Five Best Ways to Evaluate Supply Chain Planning Best Practices
Now is Definitely the Time to Start Game-Planning Your 2020 Initiatives
By Frank Polito, Director SCMO2
In an evolving economy with businesses always looking to be more competitive, success comes to those who strategically gather intelligence across industry trends and best practices. Intelligence not in the secret spy sense of the term, but rather the straightforward act of defining, gathering, analyzing, and distributing intelligence about products, customers, competitors, and any other aspect needed to support the decision making of executives and managers.
As you begin developing your 2020 supply chain management and planning improvement project roadmaps, make sure you have collected enough intelligence to properly analyze your company’s most difficult business challenges and determine those areas where you could be more competitive.
These are my five best ways to establish new supply chain planning best practices in 2020.
1. Launch an Internal Strategy
Focus on the most important aspects of your supply chain as they relate to your competitiveness. Use the outcomes to establish several key improvements you would like to achieve. But don’t get caught in the ‘best practice’ quicksand … stay disciplined and stick with those changes that will offer significant immediate value to your organization.
2. Attend Best Practice Conferences and Tradeshows
Depending on the size of your company, your technology landscape and your industry, attending conferences and tradeshows can be extremely helpful towards understanding how other companies are executing best practices in their supply chain organizations. Some of the greatest value we get from conference attendance is learning from others and sharing our insights and guidance. Hearing different perspectives is invaluable to developing the best path forward.
3. Create an Internal Center of Excellence (COE)
A COE is typically a team, shared facility or entity that provides leadership, best practices, research, support and training for a specific focus area. For your company, it may simply refer to an informal group of people or department. Whatever works best, creating a COE provides a central repository of the institutional knowledge you are gathering or creating. It creates a resource in the company to define processes, establishing precedent and serve to oversee new process improvement initiatives.
5. Evaluate Best-of-Breed Supply Chain Planning Software Applications
From mobile apps to desktop software to cloud platforms, there are more supply chain software solutions than ever before. But that doesn’t mean they all work well (if at all) and more importantly, doesn’t mean they will work for your specific needs. Constrain your evaluations to those industry-leading platforms as they will be most reliable.
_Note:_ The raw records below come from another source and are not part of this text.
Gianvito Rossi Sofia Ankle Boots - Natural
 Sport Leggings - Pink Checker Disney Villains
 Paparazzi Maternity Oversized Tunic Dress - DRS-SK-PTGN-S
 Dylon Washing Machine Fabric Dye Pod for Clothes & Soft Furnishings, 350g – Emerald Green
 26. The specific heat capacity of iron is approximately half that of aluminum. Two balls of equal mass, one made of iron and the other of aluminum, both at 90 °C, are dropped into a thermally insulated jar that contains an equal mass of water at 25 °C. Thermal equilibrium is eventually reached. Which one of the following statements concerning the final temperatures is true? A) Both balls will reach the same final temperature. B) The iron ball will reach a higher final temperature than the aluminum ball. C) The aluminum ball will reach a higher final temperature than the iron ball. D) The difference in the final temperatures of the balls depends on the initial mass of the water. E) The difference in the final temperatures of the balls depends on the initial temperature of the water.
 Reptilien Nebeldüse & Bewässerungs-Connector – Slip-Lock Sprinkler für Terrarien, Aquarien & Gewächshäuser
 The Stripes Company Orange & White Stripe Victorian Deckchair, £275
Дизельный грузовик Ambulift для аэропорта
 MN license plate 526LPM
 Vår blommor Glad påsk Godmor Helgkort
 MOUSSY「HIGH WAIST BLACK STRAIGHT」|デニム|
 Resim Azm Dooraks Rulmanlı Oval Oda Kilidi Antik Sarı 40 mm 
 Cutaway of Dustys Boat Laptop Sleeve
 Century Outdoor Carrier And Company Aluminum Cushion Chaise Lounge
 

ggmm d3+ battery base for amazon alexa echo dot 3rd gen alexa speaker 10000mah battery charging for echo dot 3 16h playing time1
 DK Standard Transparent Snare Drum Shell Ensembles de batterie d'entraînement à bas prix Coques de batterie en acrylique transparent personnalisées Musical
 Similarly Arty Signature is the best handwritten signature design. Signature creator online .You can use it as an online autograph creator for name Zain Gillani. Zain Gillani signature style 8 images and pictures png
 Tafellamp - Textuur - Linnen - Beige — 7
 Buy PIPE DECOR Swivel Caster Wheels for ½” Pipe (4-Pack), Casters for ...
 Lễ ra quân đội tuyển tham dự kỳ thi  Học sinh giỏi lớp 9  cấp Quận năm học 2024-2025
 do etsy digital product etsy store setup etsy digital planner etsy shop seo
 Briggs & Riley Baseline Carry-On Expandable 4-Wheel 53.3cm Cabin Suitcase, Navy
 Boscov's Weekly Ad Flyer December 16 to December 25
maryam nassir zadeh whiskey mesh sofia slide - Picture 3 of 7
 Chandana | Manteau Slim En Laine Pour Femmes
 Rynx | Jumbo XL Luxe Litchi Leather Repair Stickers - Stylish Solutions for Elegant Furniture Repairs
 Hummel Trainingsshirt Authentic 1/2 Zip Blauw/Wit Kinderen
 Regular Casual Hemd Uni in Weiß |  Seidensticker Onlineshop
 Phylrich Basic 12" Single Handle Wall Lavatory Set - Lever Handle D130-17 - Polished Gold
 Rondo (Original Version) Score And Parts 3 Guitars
Prior to making a selection, complete a validation review or issue an RFI to define the requirements.
5. Hire Unbiased Advisors to Facilitate Action
Conducting internal assessments and reviews can often fall victim to the “too many cooks in the kitchen” phenomenon—everyone has an opinion, and your strategic changes can sometimes become watered down (or very cumbersome). Make the time and investment necessary to coordinate with an outside firm to help you assess, roadmap and implement any new best-practice processes. In the end, ideas on paper have no value if they cannot be effectively implemented and adopted in real life.
Continuous improvement does not happen in a silo. When others succeed, we should consider understanding their approach or adapting their ideas. Good ideas tend to be shared and imitated (the sincerest form of flattery) or are generated through collaborative efforts. Make the commitment today to pay attention to your tomorrow. In 2020, set a goal of defining new supply chain best practices that work for you, and then establish a means to measure your success. Gathering the necessary intelligence is a first priority along that path.